Emily Dickinson wrote that.

It makes me think of all the little deaths and births that I am privy to of late.

Traveling with disability is probably a bit like childbirth in that you’d never be able to describe it to anyone who hasn’t experienced it.

There’s the cushy side of sailing past long lines of irate people waiting for security.

You flash your ID and whoosh! You take cuts with no shame at all…

Then you get patted down by a rubber gloved security agent in places where no one has touched you in too long.

After that, you educate the (in my case TOTALLY STONED) wheelchair pusher guy about what to do as far as which thing I need next to re-adorn myself; the brace, the shoe, the jacket, the walker, etc..

He’s freaking because he knows he’s screwing up and my voice gets tight and his tip is quickly becoming a token of what’s left of my generous spirit but no more.
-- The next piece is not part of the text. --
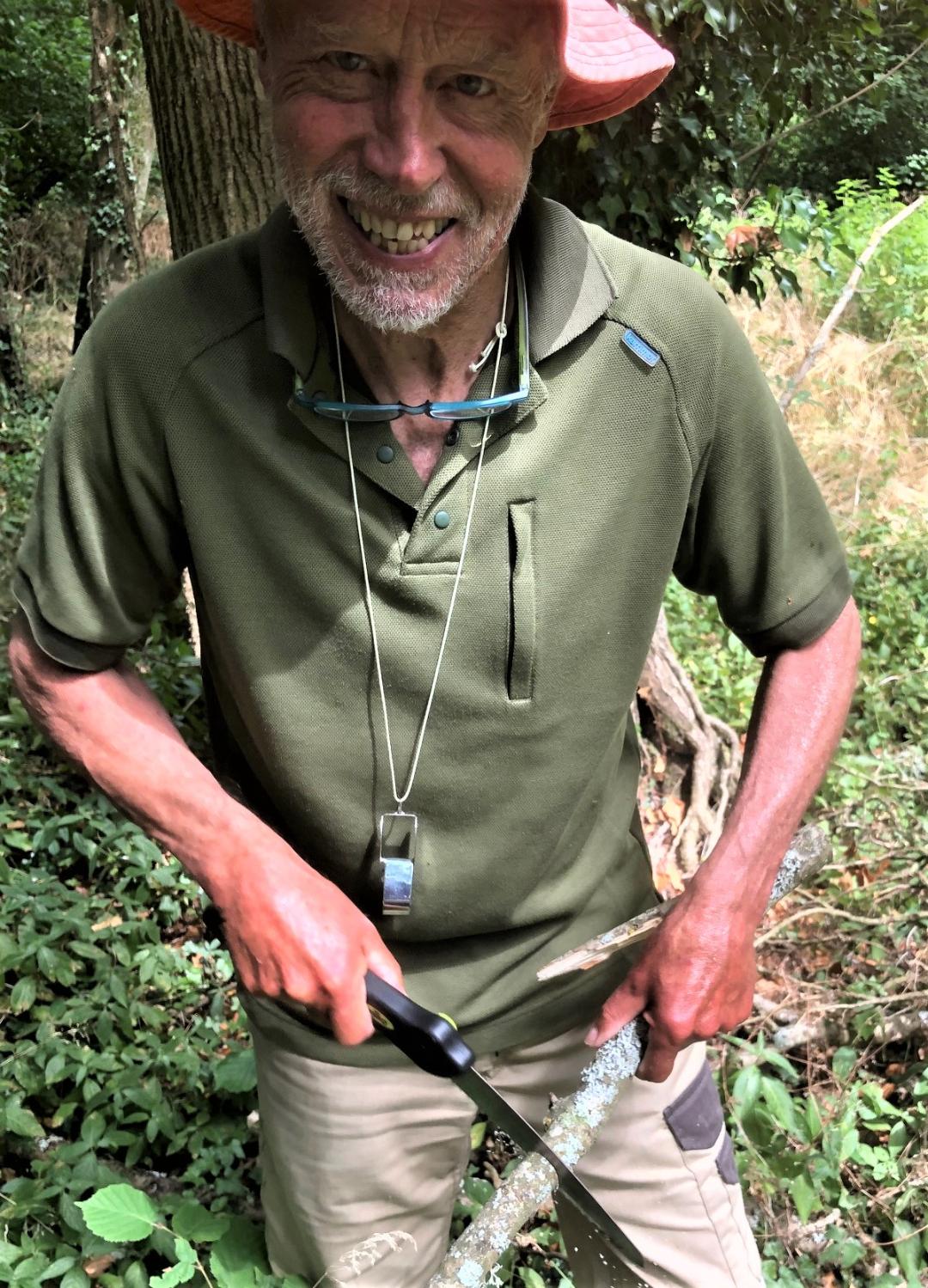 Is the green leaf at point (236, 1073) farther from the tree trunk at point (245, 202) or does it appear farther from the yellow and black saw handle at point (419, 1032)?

He’s working on the drug-induced time delay of lazy brain firing.

There is time till take off so positioning near the bathroom is key.

I like this time of watching humanity.

People are kind.

And not.

Mostly, I fade into my witness-mode.

A very great thing about disability is the fact you get the best seat in the plane w/ legroom and, in my case, no one next to you.

On my return to Santa Fe, when my energy reserves were spent and I looked like shit and only had it in me to be borderline civil, THAT STONED WHEELCHAIR PUSHER GUY PICKED ME UP AGAIN!

As he dropped me off at my friends car I gave it to him.

The animal came out and stayed out.

I will write a letter to the airline but I pretty much scared the bejesus out of the droopy-panted guy.

My tone, body language and searing half-masted eyes said: “YOU HAVE GOT TO PAY ATTENTION HERE… I FEEL UNSAFE AND AM TOO TIRED TO MAKE UP FOR YOUR SLOPPINESS. WAKE UP!”

Yeah.. I knew that undomesticated girl was in there somewhere.

It felt good to want to make it home alive.